I’ve Been Good To Me, 2015.
Mixed media.
60 x 50 inches (framed).
Courtesy of Alva Greenberg.

Brooklyn-based Mickalene Thomas is best known for her large-scale paintings and collages that combine rhinestones, enamels, acrylics and patterned textures to explore themes of African American female identity, sexuality and desire. These historically aware constructions recall Afrocentric and Blaxploitation imagery of the 1960’s and 1970’s, playing upon characters like “Foxy Brown,” while betraying a deep knowledge of portrait traditions throughout art history. Collage allows for elements of fantasy to enter into her compositions, like the white cougar ceramic tchotchke in the center left of the composition, a coded sexual reference combined with leopard and animal prints familiar to work by Thomas.

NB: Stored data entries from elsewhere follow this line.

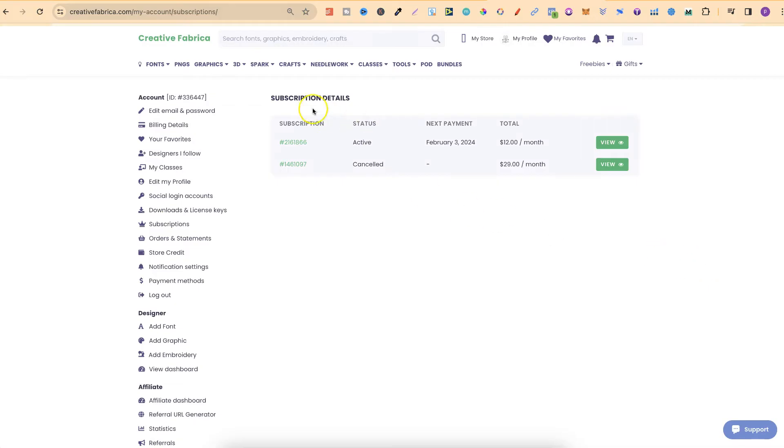From here, you should see your subscription details, and it should say Active. What we're going to do is click on View.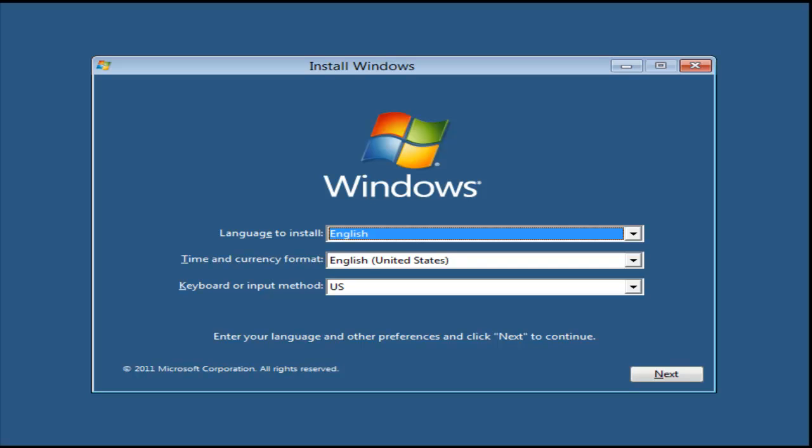Just taking a look at the Windows Developer Preview, sort of a pre-beta version of Windows 8. This is after downloading the ISO and burning a DVD image, and now we're loading. I'm just going to walk through a basic installation.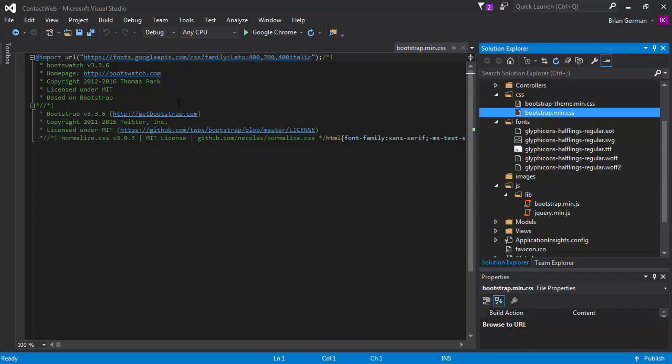In fact, if I pushed F5 right now, it still wouldn't look good because I don't have my JS and my Bootstrap stuff wired up on my machine in the project correctly.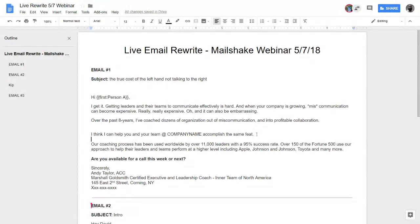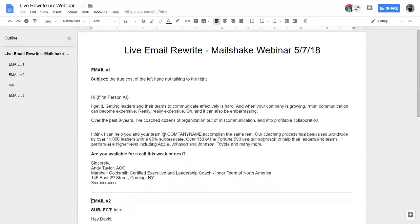The stats in the original email are actually good writing: 'used worldwide by over 11,000 leaders, 95% success rate, over 150 of the Fortune 500.' That's excellent. If you know the industry these people are in, use examples relevant to their industry — personalizing name drops per industry when inputting into Mailshake is crazy effective at getting people to say, 'Oh, you do understand my world.' The closing — 'Are you available for a call this week or next?' — that's fine as is.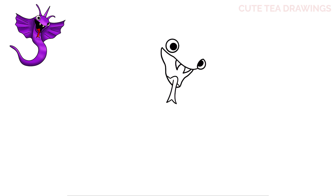Let's start on top of the eyes and draw a curve across. Then underneath the right eye let's draw a curve down, bringing it over and back into the tongue. And let's hop over to the left side and do the same thing.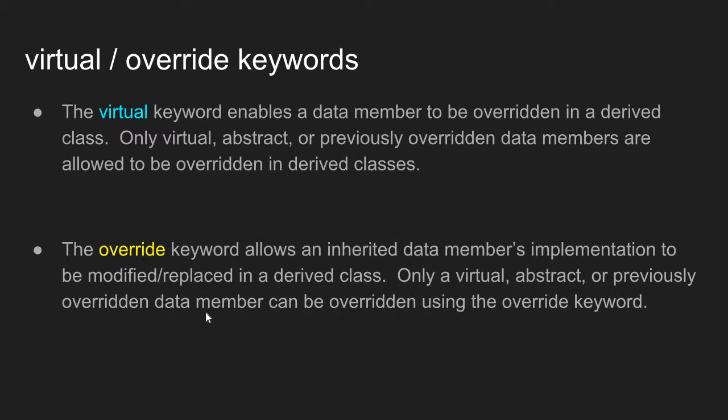Now to actually do the overriding, you have to use the override keyword. The override keyword allows an inherited data member's implementation to be modified. So the override keyword explicitly states that I know I am inheriting a method or a data member, and I am going to change the implementation of that data member in my class.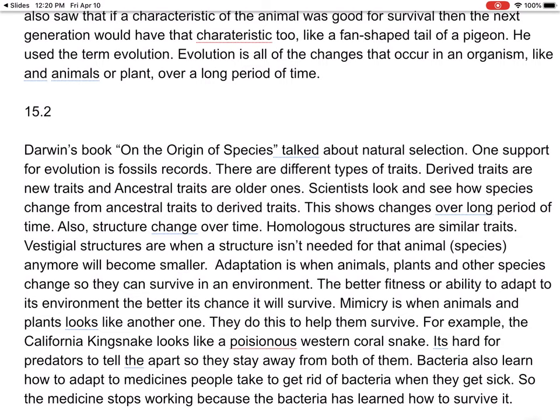Homologous structures are similar traits. Vestigial structures are when a structure isn't needed for that animal or species anymore and it gets smaller. Adaptation is when animals, plants, and other species change so they can survive in an environment — you change in order to survive. The better the fitness or ability to adapt to its environment, the better its chance of survival, and this also has to do with passing down traits that help the species survive.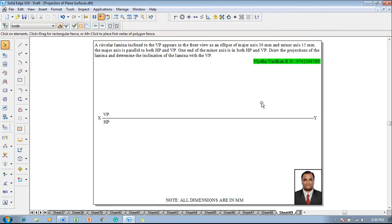Hi guys, myself Vijay Tavadhan and in this video lecture session I am going to explain you a solution on projection of plane surfaces and an example problem is like this.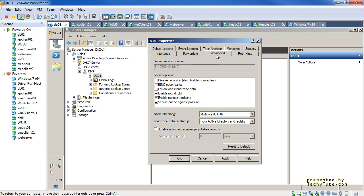The next tab I want to talk about is the Advanced tab, which specifies how certain DNS server functions work. When you select disable recursion, you disable the ability for this DNS server to do forwarding, root hints, or any recursion — which basically means stepping through all of the delegations configured external to this organization until you find the authoritative one. There is also the BIND secondaries option that can be enabled for compatibility with existing BIND DNS servers in an environment.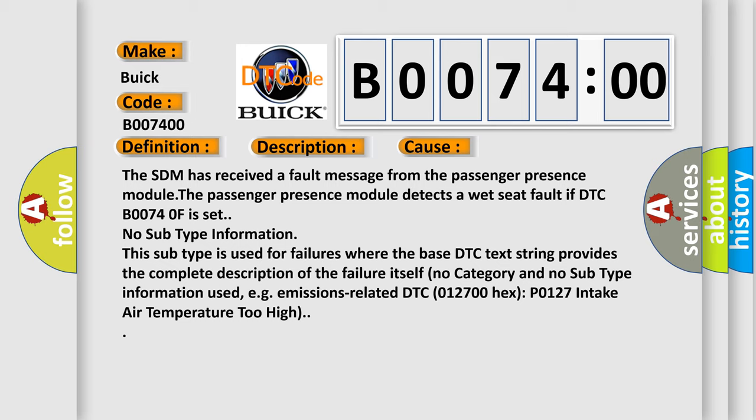No subtype information. This subtype is used for failures where the base DTC text string provides the complete description of the failure itself. No category and no subtype information used, for example, emissions-related DTC 012700HXP 0127 intake air temperature too high.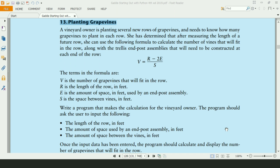This program will calculate the number of grapevines in the row by using a given formula, where V is the number of grapevines that will fit in the row, R is the length of the row in feet, E is the amount of space in feet used by end post assembly, and S is the space between vines in feet. Let's start the program.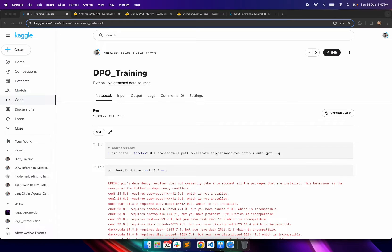In this video I want to talk about the coding implementation of the DPO training process. In the last video I talked about how you can use DPO to fine-tune an LLM to align it to human preferences.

Drawing inspiration from the colorful patterns of Byzantine mosaics, the female portraits of Edouard Manet, and Romare Bearden’s collages, I’ve Been Good To Me, reorganizes the domestic interior space surrounding a central figure. Using the 1970’s floral patterning and costuming, the prints and graphics enframe the central figure, paradoxically re-defining her form while simultaneously pushing her surrounding space toward formal abstraction. The patterned dress begins to blend into the patterned sofa and other collaged visual textures. The back wall and negative spaces box the central figure in, creating a hyper-awareness that the scene is a fabricated collage.